Après avoir passé un certain temps à faire des petits boulots de merde à temps partiel et quelques autres choses, j'ai réussi à décrocher un entretien d'embauche dans l'agence de recrutement à laquelle j'avais été rattaché. Ce serait un travail assez simple, appeler les gens le matin, leur donner une heure et un lieu, et voir s'ils voulaient le travail de rivetage dans une usine ou un entrepôt.
Je venais juste de sortir du placard, car j'ai découvert que j'étais XXY, donc mes seins naturels poussaient mais j'avais aussi ma bite. J'avais toujours des aspirations à avoir de gros faux seins, mais pour cela, il me fallait beaucoup d'argent.
Ayant toujours eu un faible pour le look de bureau, j'avais pas mal de tenues parmi lesquelles choisir, mais j'ai néanmoins opté pour le chemisier blanc classique trois-quarts, une grosse ceinture guêpe et une jupe crayon noire. Mon petit booster de confiance se trouverait sous un soutien-gorge cage rouge, des bas résille noirs et mes talons noirs à plateforme moyenne. Avec mes longs cheveux roses, mes yeux charbonneux avec de jolis cils, mes lèvres rouge foncé et mes lunettes, j'avais l'air super sexy. J'ai dû résister à l'envie de me caresser devant le miroir. Quelques photos plus tard, j'étais partie.
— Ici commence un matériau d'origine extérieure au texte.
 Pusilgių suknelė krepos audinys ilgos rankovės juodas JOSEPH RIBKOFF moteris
L'entretien a eu lieu dans un hôtel classique de station-service. Un membre du personnel de l'hôtel m'a demandé de m'asseoir et d'attendre près d'une porte, ce qui m'a fait plaisir en établissant de nombreux contacts visuels avec mes seins.
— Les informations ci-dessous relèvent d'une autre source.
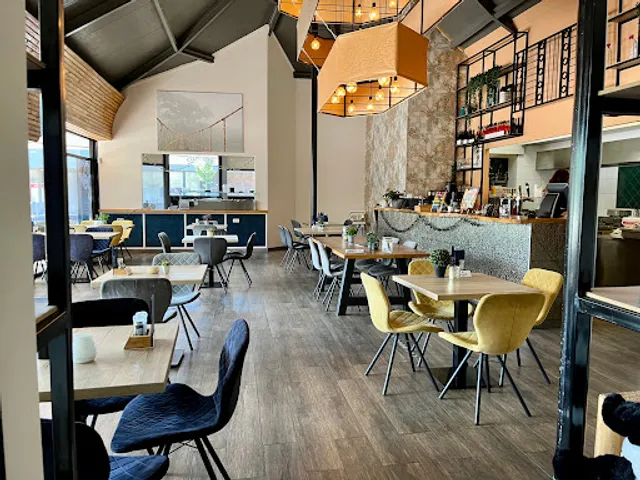 't Hart van Dieren - Sushi & Tapas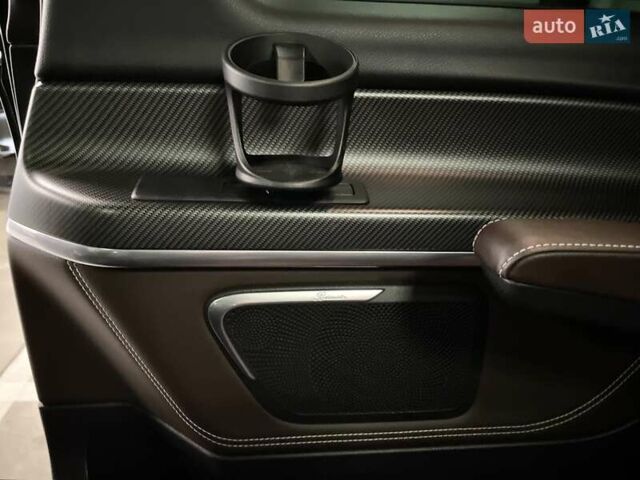 Черный Мерседес В-Класс, объемом двигателя 2.14 л и пробегом 312 тыс. км за 45700 $, фото 45 на Automoto.ua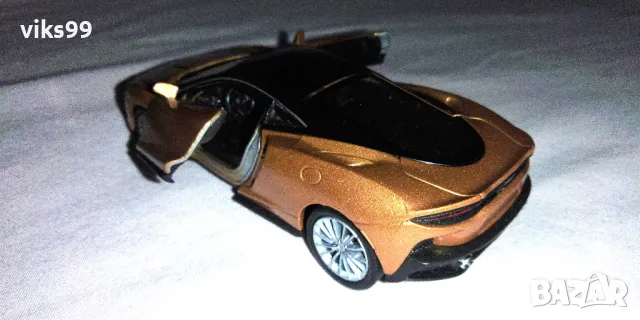 McLAREN GT 2019 WELLY Мащаб 1:34, снимка 3 - Колекции - 47928850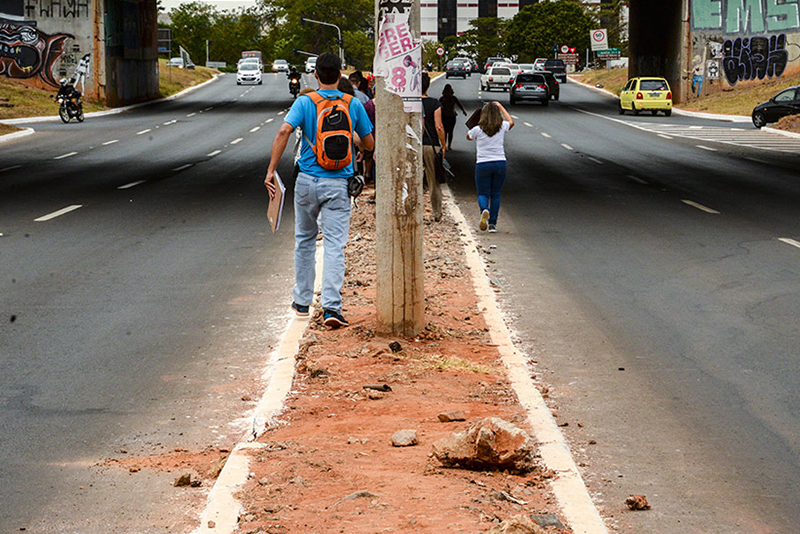 Calçadas brasileiras revelam negligência com o pedestre
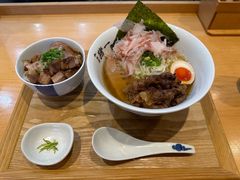 牛拉面-面屋 猪一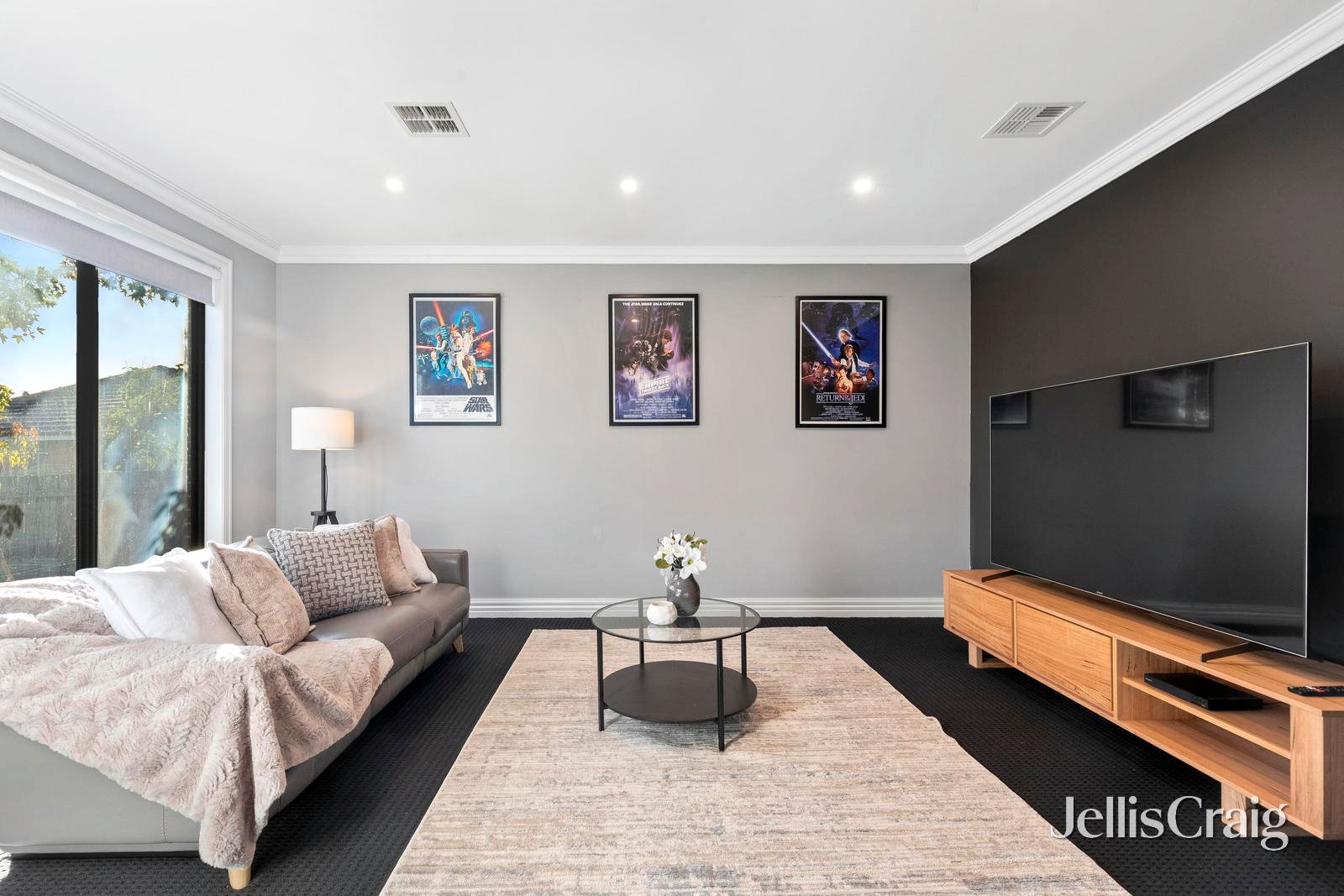1/1 Fir Court, Mount&nbsp;Waverley image 2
Je me suis approchée en m'assurant de balancer mes hanches et je me suis assise pour donner au gars beaucoup de jambes pour en profiter. L'entretien lui-même s'est déroulé un peu comme un accident de voiture, il m'a demandé si je connaissais l'histoire de l'entreprise et pourquoi elle était meilleure que les autres. J'ai tenté à quelques reprises de leur répondre, mais j'ai eu la nette impression de rater la cible. « Écoute, Willow. Qu'est-ce que tu recherches vraiment avec ce poste ? » a dit mon futur patron en regardant entre mes yeux et mes seins, je n'avais pas remarqué que j'avais un petit soutien-gorge et un tour de cou visibles.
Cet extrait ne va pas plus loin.